Spreuken 8:17b (1) - God zoekt ons

Els ter Welle • 90 - 2014 • Uitgave: 7
‘Wie Mij ernstig zoeken, zullen Mij vinden.’
Spreuken 8:17b


Mahatma Gandhi zei eens: “Om God te vinden moet men het geduld hebben van iemand die aan het strand zit en de oceaan probeert te ledigen door er de druppels één voor één uit te vissen met een rietje.” Is het werkelijk zo moeilijk om God te vinden?
God had de wereld zo lief dat Hij Zijn eniggeboren Zoon gezonden heeft om ons te redden. Beseffen we wat dat voor ons betekent? God zoekt ons! Hij is de Herder die het verloren schaap zoekt en zoekt… totdat Hij het vindt. Hij is als de vrouw die haar hele huis schoonveegt totdat ze de verloren munt gevonden heeft. Zo gaat God met ‘de bezem’ van Zijn genade door de wereld om de verloren mens te vinden. De liefde van de Vader strekte zich uit tot de verloren zoon totdat hij thuiskwam.
Wat een troost! Het initiatief gaat allereerst van God uit. 1 Johannes 4:19 zegt: ‘Wij hebben lief, omdat Hij ons eerst heeft liefgehad.’ Zijn liefde zoekt ons en wij mogen ons laten vinden. Wat geweldig!
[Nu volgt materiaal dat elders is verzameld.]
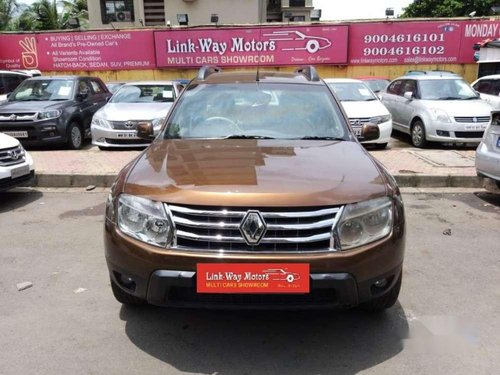 Renault Duster 110 PS RxL Diesel, 2013, MT for sale 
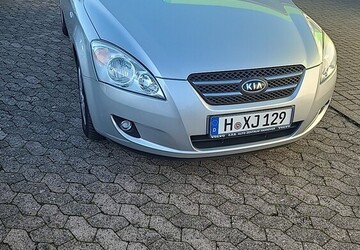 Kia Ceed 128.000 km 2.800 &euro; Hannover 30159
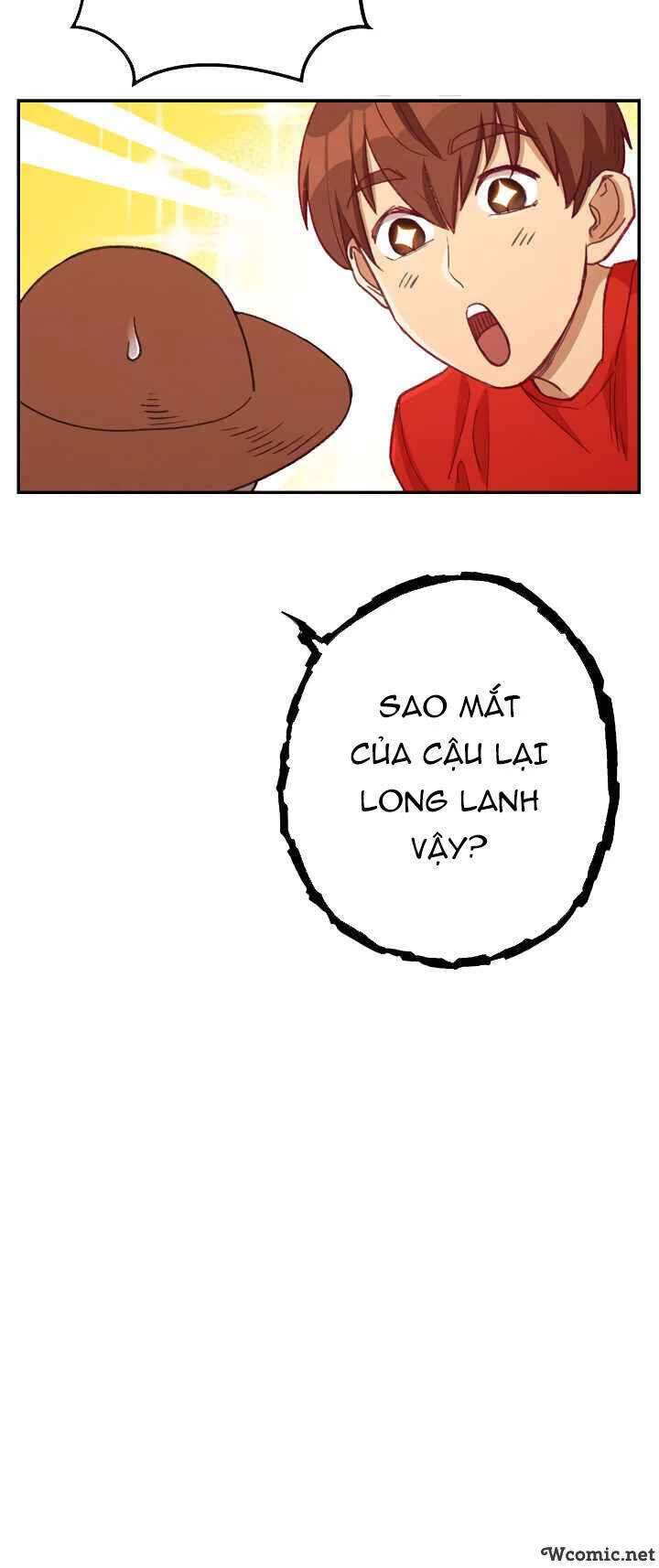 Tái Thiết Hầm Ngục Chapter 84 - Trang 4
Dit betekent niet dat we de armen over elkaar kunnen doen en dat God Zich dan wel aan ons openbaart. Er wordt ook actie van ons gevraagd! God doet negen stappen in onze richting, maar de tiende stap doet Hij niet. Er moet een innerlijke drang zijn om God te vinden en een verlangen om Zijn wil te doen. In Johannes 7:17 zegt de Here Jezus: ‘Als iemand ernaar verlangt Gods wil te doen, (dan pas) zal hij kunnen onderscheiden of Mijn woorden van God komen of van Mijzelf.’ Het werkt niet (er zijn uitzonderingen) andersom: eerst vinden of zeker weten en dan uw hart ontsluiten voor Hem.
Ik heb een tijd geleden voor het eerst een auto gekocht. Wat was ik onzeker! De auto zag er mooi uit, maar reed hij wel? Om daar achter te komen, moest ik in de auto stappen, de sleutel in het contact steken en gaan rijden. Hij reed geweldig, maar ik zou er niet achter gekomen zijn als ik niet de proef op de som had genomen.
Corrie ten Boom raadde iemand die niet zeker wist of hij wel wilde geloven aan het volgende gebed te bidden: “Here, maak mij gewillig om door u gewillig gemaakt te worden.” Deze persoon deed dat en zette daarmee de deur van zijn hart op een kier. God kwam binnen.